Neurogenetics. 2020 Jan;21(1):1-18. doi: 10.1007/s10048-019-00598-x. Epub 2019 Dec 13.
Over the past 10 years, the increasingly important role played by next-generation sequencing panels in the genetic diagnosis of epilepsy has led to a growing list of gene variants and a plethora of new scientific data. To date, however, there is still no consensus on what constitutes the "ideal panel design," or on the most rational criteria for selecting the best candidates for gene-panel analysis, even though both might optimize the cost-benefit ratio and the diagnostic efficiency of customized gene panels. Even though more and more laboratories are adopting whole-exome sequencing as a first-tier diagnostic approach, interpreting, "in silico," a set of epilepsy-related genes remains difficult. In the light of these considerations, we performed a systematic review of the targeted gene panels for epilepsy already reported in the available scientific literature, with a view to identifying the best criteria for selecting patients for gene-panel analysis, and the best way to design an "ideal," gold-standard panel that includes all genes with an established role in epilepsy pathogenesis, as well as those that might help to guide decisions regarding specific medical interventions and treatments. Our analyses suggest that the usefulness and diagnostic power of customized gene panels for epilepsy may be greatest when these panels are confined to rationally selected, relatively small, pools of genes, and applied in more carefully selected epilepsy patients (those with complex forms of epilepsy). A panel containing 64 genes, which includes the 45 genes harboring a significant number of pathogenic variants identified in previous literature, the 32 clinically actionable genes, and the 21 ILAE (International League Against Epilepsy) recommended genes, may represent an "ideal" core set likely able to provide the highest diagnostic efficiency and cost-effectiveness and facilitate gene prioritization when testing patients with whole-exome/whole-genome sequencing.
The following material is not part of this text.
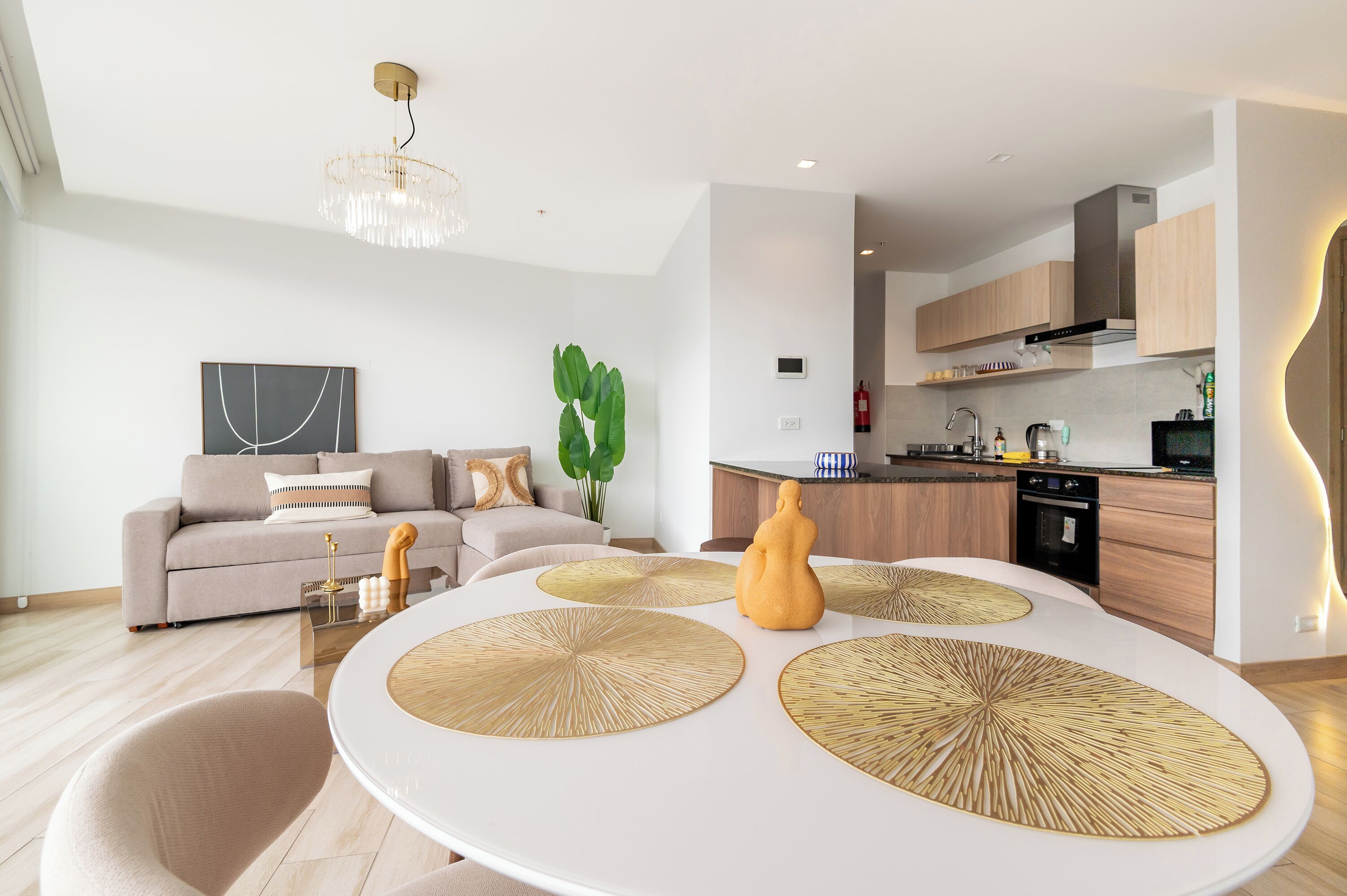 Apartemen Deluks, pemandangan bukit | Ruang makan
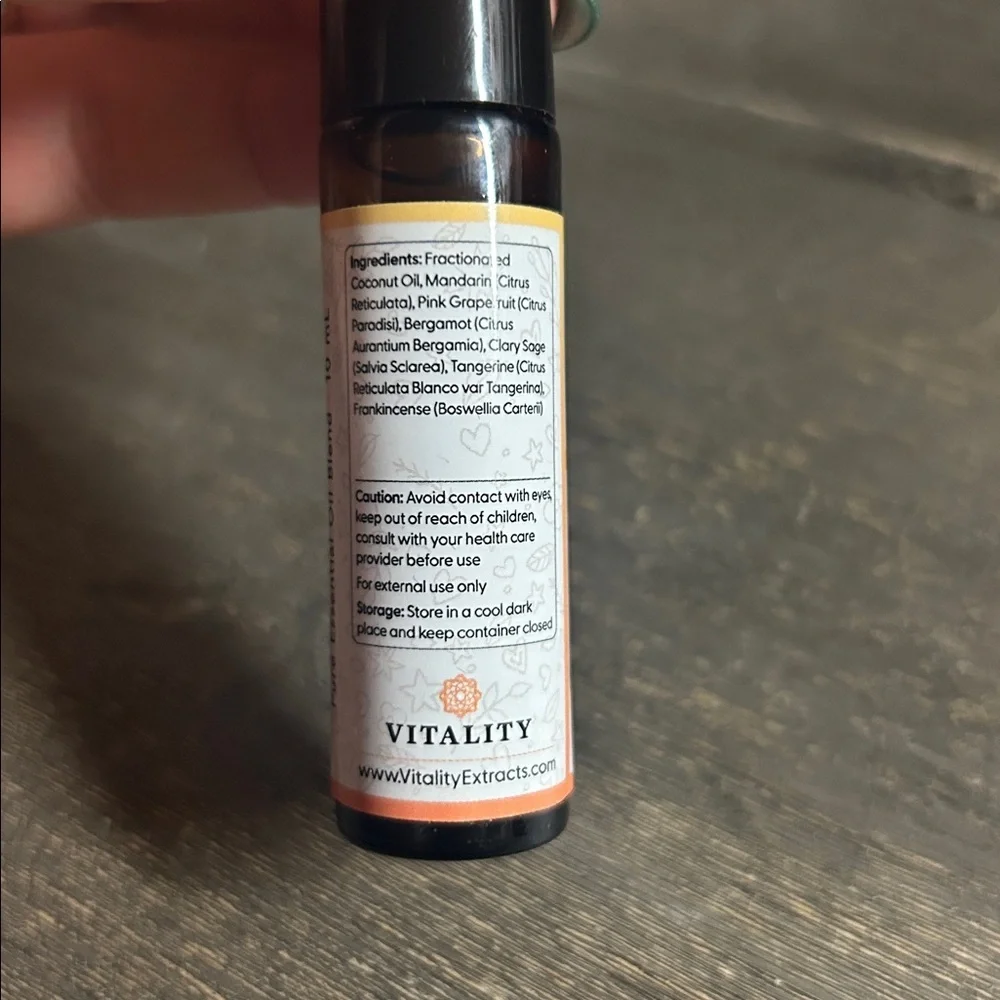 Vitality Essential‎ Oils - Happy - Kids Blend rollerball applicator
在过去的 10 年中,下一代测序在癫痫的遗传诊断中的作用越来越重要,这导致了越来越多的基因变异和大量新的科学数据。然而,迄今为止,对于什么构成“理想的面板设计”,或者对于选择基因面板分析的最佳候选者的最合理标准,仍然没有共识,尽管这两者都可能优化定制基因面板的成本效益比和诊断效率。尽管越来越多的实验室正在将全外显子组测序作为一线诊断方法,但对一组与癫痫相关的基因进行“计算机模拟”解读仍然很困难。有鉴于此,我们对已在现有科学文献中报道的针对癫痫的靶向基因面板进行了系统评价,以期确定选择患者进行基因面板分析的最佳标准,以及设计一个包含所有具有既定癫痫发病机制作用的基因的“理想”黄金标准面板的最佳方法,以及那些可能有助于指导特定医疗干预和治疗决策的基因。我们的分析表明,当这些面板仅限于合理选择的、相对较小的基因池,并应用于更仔细选择的癫痫患者(那些具有复杂形式的癫痫患者)时,用于癫痫的定制基因面板的有用性和诊断能力可能最大。一个包含 64 个基因的面板,其中包括在以前的文献中发现的大量致病性变异的 45 个基因、32 个临床可操作的基因和 21 个 ILAE(国际抗癫痫联盟)推荐的基因,可能代表一个“理想”的核心集,能够提供最高的诊断效率和成本效益,并在对进行全外显子/全基因组测序的患者进行测试时有助于基因优先级排序。